Moving along, the United Kingdom’s Wildlife Trust warned that animals such as bats, balls, lizards and dormice will need human assistance in moving to new territory as global warming shifts their habitable ranges north and west. “Wildlife has done it before, after the last ice age, but this time there are unexpected barriers; the cities, motorways, expanses of hostile countryside and the proliferation of Arby’s restaurants,” says John Everett of the Wildlife Trust. He says his organization is trying to link up woodland, shrub land and pasture to enable these creatures to extend their habitat as the climate warms. I would definitely go to bat for this cause.
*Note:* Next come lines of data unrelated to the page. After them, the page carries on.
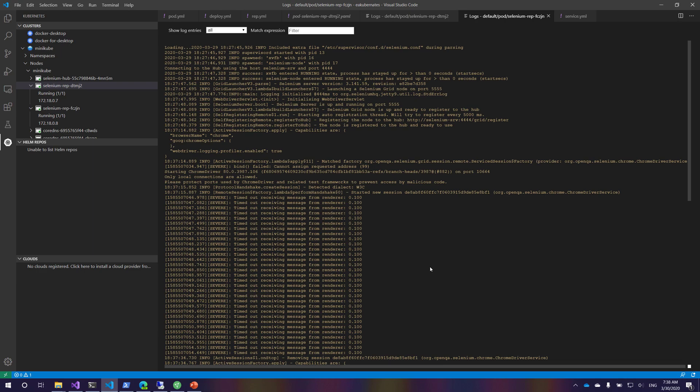How we can access the deployment using services, and how we can deploy the Selenium nodes or the Selenium Chrome nodes using the replication controllers, and how we can access them as well. So with this, the complete lifecycle of pods, replication controller, deployments, and services of Kubernetes is completely understood.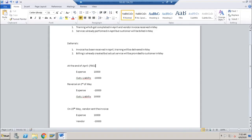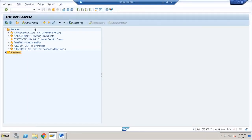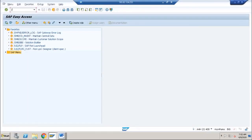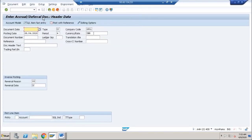To execute these two transactions in SAP we need two different transaction codes. The first is FBS1 to post the accrual or deferral document, and the second is F.81 which is normally used to reverse those documents. These are the two key transactions needed from the accruals point of view.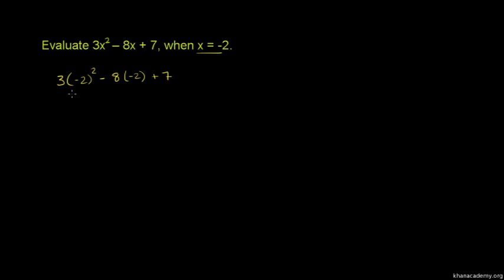Now all of this gives us 3 times, where we have negative 2 squared, this whole thing gives us positive 4. Negative times negative is positive.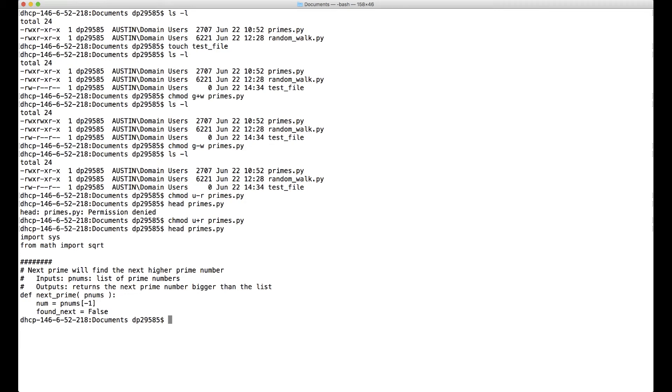But here's what we were initially concerned about. We weren't able to run our Python script without typing Python. Well, we just saw that primes is executable, so why can't we just run it?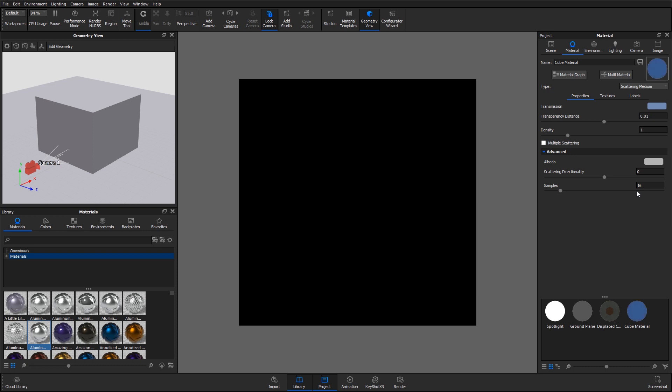The Scattering Medium material can be adjusted in a couple of ways. The most basic parameters are transmission, transparency distance, density, and multiple scattering.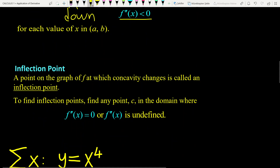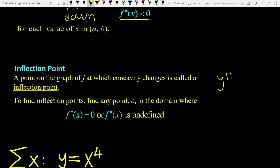We have another definition which is called inflection point. A point where the graph of a function has a tangent line and where the concavity of the function changes is called an inflection point. In other words, a point on a curve where Y double prime is positive on one side and negative on the other side is called a point of inflection.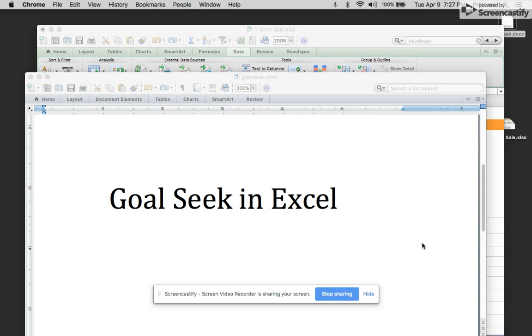Hello everyone, I'm Cynthia Grace. Today I'd like to talk to you about Goal Seek in Excel.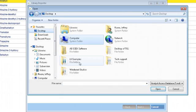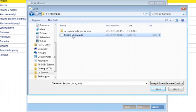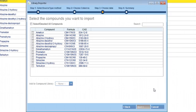Clicking on the analyst compound database button opens the file location window. You can now browse to your analyst library and import it into LibraryView.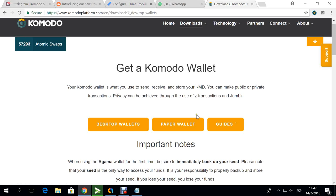Hello guys, good morning. Today we're going to start the day with making a quick video tutorial of Agama wallet. First things first, you have to download the wallet. You go to komodoplatform.com, then you'll scroll down and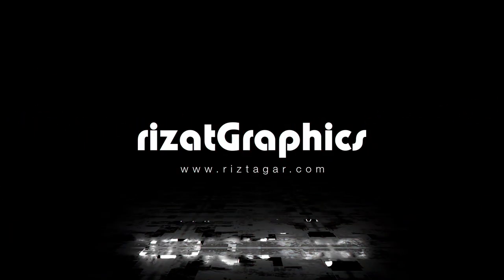Hello everyone. Welcome to Rezat Graphics. In this tutorial, you will learn to create this.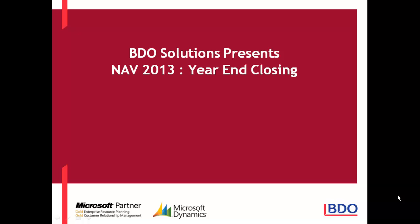BDO Solutions welcomes you to our video series on Microsoft Dynamics NAV 2013. In today's video, we will be discussing year-end closing procedures.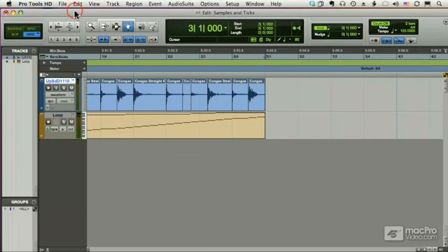Before we start talking about Beat Detective, we need to understand the concept of sample-based tracks and tick-based tracks. Every MIDI and audio track is one of the two - it's either sample-based or tick-based.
A group of scientists warned that the largest mass extinction since the end of the dinosaur period is sweeping thru the world’s populations of frogs, newts, gingrichs, salamanders and caecilians. The chytrid fungus has caused mass deaths in six countries, including Britain, where the effects are the subject of an urgent research project. The disease has so far proved unstoppable in the wild and can kill 80 percent of native amphibians within months once it has taken hold. “Widespread extinction of amphibians would be catastrophic,” says Jeffrey Bonner, the President of the St. Louis Zoo. He is leading an ambitious plan to move the most vulnerable species into protected areas in zoos, aquariums and other institutions to guarantee their survival. If I’ve said it once I’ve said it a thousand times, it’s not easy being a young salamander growing up in today’s world.
A new study reveals that some California ground squirrels have learned to wear the scent of one of nature’s more terrifying creatures to scare off their natural enemies. Barbara Clucas, a graduate student in animal behavior at UC Davis, says she observed the squirrels chewing up rattlesnake skins and smearing it on their fur to mask their scent from predators. And here I thought they spent all their time gathering nuts and acorns for the upcoming winter. Scientists at the university also say they have discovered that the squirrels have evolved to become resistant to snake venom and the urge to purchase anything over the internet.
And finally, an extremely rare plant that can eat small rats was found in an isolated area of Australia’s Cape York Peninsula. Botanists found the species in an undisclosed swamp location and are keeping the exact location secret to protect what they have dubbed “Tenax” from collectors. The carnivorous plant grows like a vine to about 10 inches in height and mainly eats small insects, ants, lizards and an occasional pepperoni “Hot Pockets.”
So that’s it for sunrise Monday. Coming up on Wednesday we’ll look at some flight action before we weigh in on Friday with something on the spectacular scale. So thanks for tuning in and we’ll catch you for the midweek Larry Bird experience.